__ASSIGNMENT__. Transcribe everything in the listing as written, and let no image into the copy.

__DATA EXTRACT__.
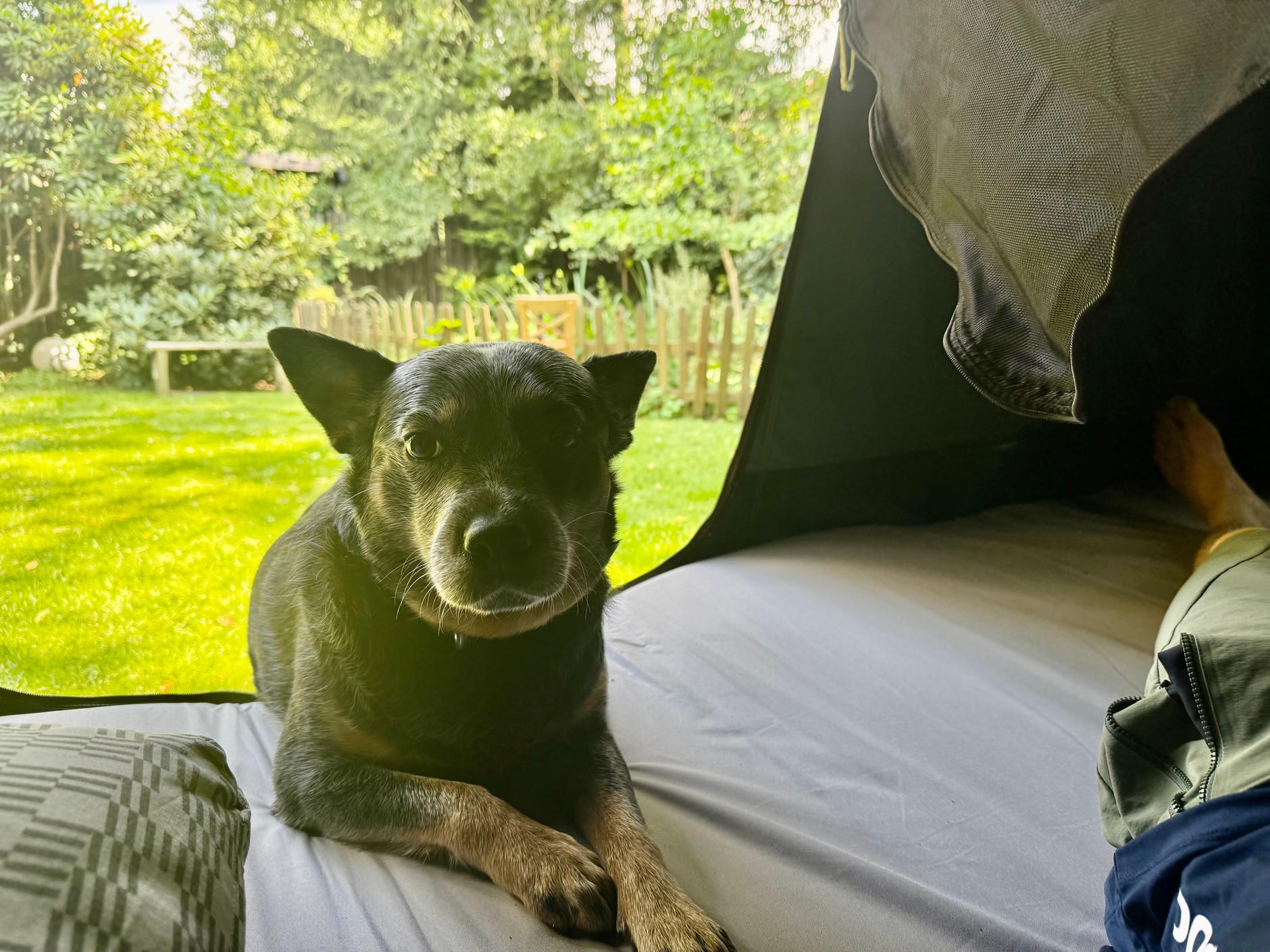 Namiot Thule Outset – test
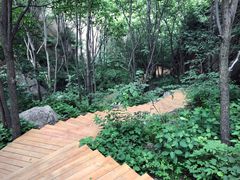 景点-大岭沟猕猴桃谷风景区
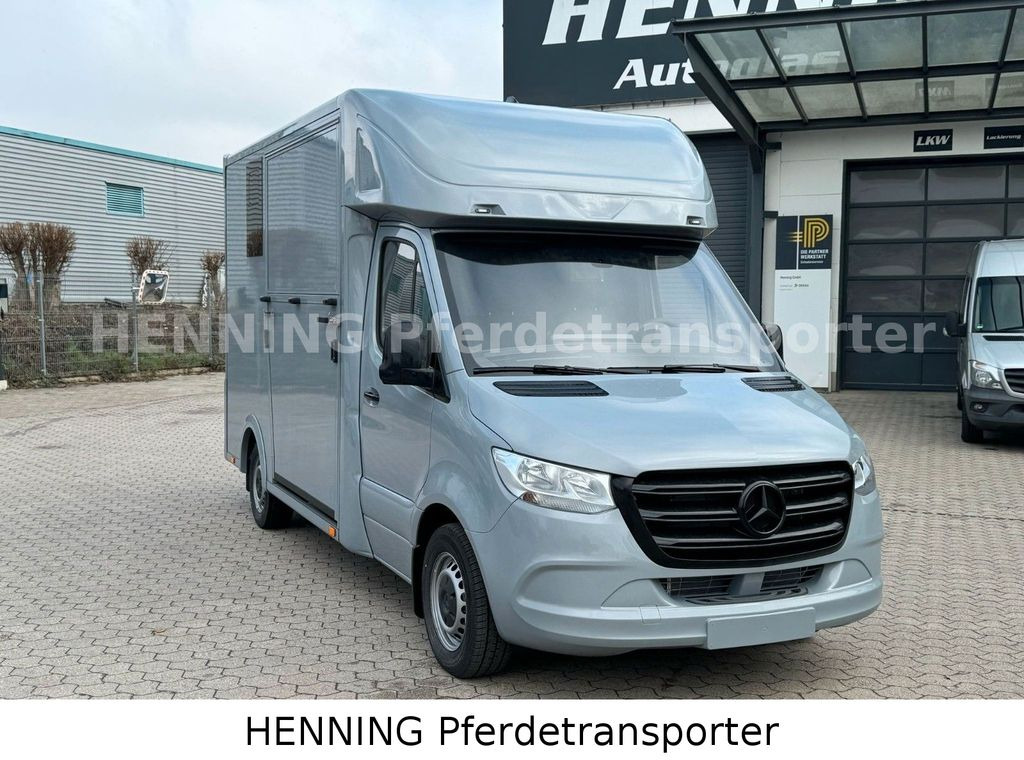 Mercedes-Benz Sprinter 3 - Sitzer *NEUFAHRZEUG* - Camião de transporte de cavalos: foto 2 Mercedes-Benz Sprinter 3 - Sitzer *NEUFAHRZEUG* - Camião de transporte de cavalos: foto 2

__EXPECTED OUTPUT__.
 Namiot Thule Outset – test
 景点-大岭沟猕猴桃谷风景区
 Mercedes-Benz Sprinter 3 - Sitzer *NEUFAHRZEUG* - Camião de transporte de cavalos: foto 2 Mercedes-Benz Sprinter 3 - Sitzer *NEUFAHRZEUG* - Camião de transporte de cavalos: foto 2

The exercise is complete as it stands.